One of the major features distinguishing prokaryotes from eukaryotes is the presence of mitochondria. Mitochondria are double-membraned organelles that contain their own ribosomes and DNA. Each membrane is a phospholipid bilayer embedded with proteins. Eukaryotic cells may contain anywhere from one to several thousand mitochondria, depending on the cell’s level of energy consumption. Each mitochondrion measures 1 to 10 micrometers (or greater) in length and exists in the cell as an organelle that can be ovoid to worm-shaped to intricately branched.

Mitochondria Structure

Most mitochondria are surrounded by two membranes, which would result when one membrane-bound organism was engulfed into a vacuole by another membrane-bound organism. The mitochondrial inner membrane is extensive and involves substantial infoldings called cristae that resemble the textured, outer surface of alpha-proteobacteria. The matrix and inner membrane are rich with the enzymes necessary for aerobic respiration.

Mitochondrial structure: This electron micrograph shows a mitochondrion as viewed with a transmission electron microscope. This organelle has an outer membrane and an inner membrane. The inner membrane contains folds, called cristae, which increase its surface area. The space between the two membranes is called the intermembrane space, and the space inside the inner membrane is called the mitochondrial matrix. ATP synthesis takes place on the inner membrane.

Mitochondria have their own (usually) circular DNA chromosome that is stabilized by attachments to the inner membrane and carries genes similar to genes expressed by alpha-proteobacteria. Mitochondria also have special ribosomes and transfer RNAs that resemble these components in prokaryotes. These features all support the hypothesis that mitochondria were once free-living prokaryotes.

Mitochondria Function

Mitochondria are often called the “powerhouses” or “energy factories” of a cell because they are responsible for making adenosine triphosphate (ATP), the cell’s main energy-carrying molecule. ATP represents the short-term stored energy of the cell. Cellular respiration is the process of making ATP using the chemical energy found in glucose and other nutrients. In mitochondria, this process uses oxygen and produces carbon dioxide as a waste product. In fact, the carbon dioxide that you exhale with every breath comes from the cellular reactions that produce carbon dioxide as a by-product.

It is important to point out that muscle cells have a very high concentration of mitochondria that produce ATP. Your muscle cells need a lot of energy to keep your body moving. When your cells don’t get enough oxygen, they do not make a lot of ATP. Instead, the small amount of ATP they make in the absence of oxygen is accompanied by the production of lactic acid.
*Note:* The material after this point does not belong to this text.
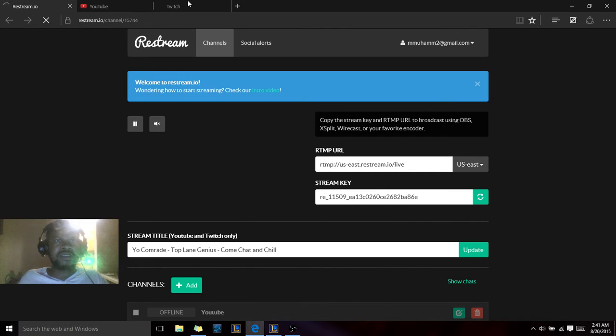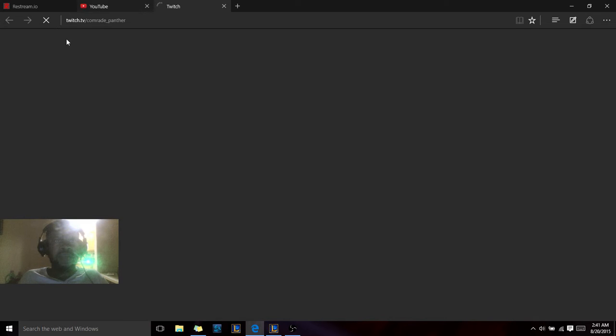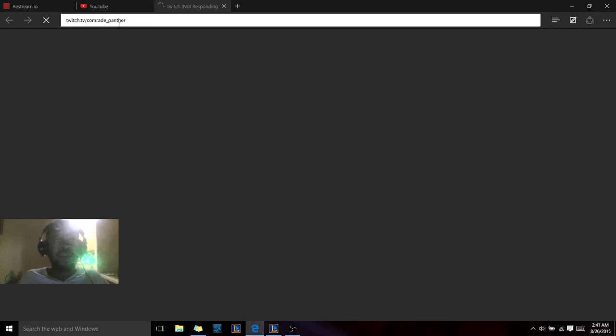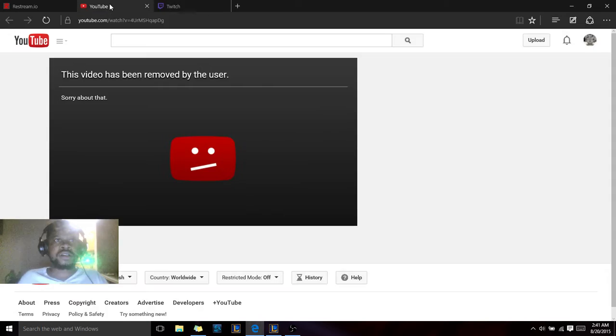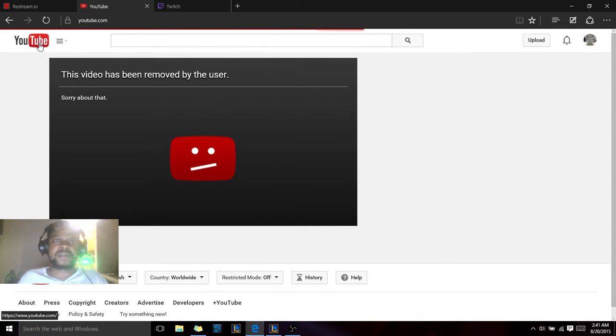So the Twitch is twitch.tv/comrade_panther and my YouTube, yeah you got my YouTube if you're a subscriber.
In addition to the aerobic generation of ATP, mitochondria have several other metabolic functions. One of these functions is to generate clusters of iron and sulfur that are important cofactors of many enzymes. Such functions are often associated with the reduced mitochondrion-derived organelles of anaerobic eukaryotes.

Origins of Mitochondria

There are two hypotheses about the origin of mitochondria: endosymbiotic and autogenous, but the most accredited theory at present is endosymbiosis. The endosymbiotic hypothesis suggests mitochondria were originally prokaryotic cells, capable of implementing oxidative mechanisms. These prokaryotic cells may have been engulfed by a eukaryote and became endosymbionts living inside the eukaryote.